In a hearing in Ipswich Magistrates Court, Thomas John Collins, facing charges of drunken driving, driving without a license and driving an unregistered, uninsured vehicle, addressed Magis-trate Matthew McLaughlin as “mate.”
“I’m not mate . . . I’m sir or your honor,” Mc-Laughlin told Collins, according to a report in the Queensland Times.
“Okay, mate,” Collins replied.
McLaughlin ordered Collins held for contempt in the courthouse lockup, where he spent about a half-hour before coming back to court and apologizing.
Ipswich City Councillor Paul Tully defended the right of Australians to be breezy and brazen.

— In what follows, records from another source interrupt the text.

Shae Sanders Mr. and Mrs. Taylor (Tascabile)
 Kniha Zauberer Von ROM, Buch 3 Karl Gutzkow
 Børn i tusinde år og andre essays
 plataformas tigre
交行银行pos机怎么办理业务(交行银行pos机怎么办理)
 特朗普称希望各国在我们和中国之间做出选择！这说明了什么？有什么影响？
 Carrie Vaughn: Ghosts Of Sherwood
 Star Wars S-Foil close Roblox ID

Noting that the Collins remand followed a similar incident in Toowoomba, where a magistrate verbally keelhauled two tradesmen for “making too much noise,” threatening to charge them with contempt, Tully suggested that members of the judiciary may need anger-management counseling.
“It is getting out of control,” he said. “Some of these magistrates see themselves as Lord of the Fiefdom.”
He said there was nothing “more Australian than calling someone mate” and it was hard to believe someone could be locked up for using the word.
“It’s probably time for magistrates to understand they have a wide variety of people before them and calling someone mate is a term of endearment,” Tully said.
“I say to every magistrate—’Come on mate, get off your high horse and show some tolerance.'”
Here in the States, we once had a cannabis-controlled client who mumbled, “whatever, dude,” when questioned by his judge. Fortunately, that judge was hard of hearing, and the client was brought under control before he could repeat such a response.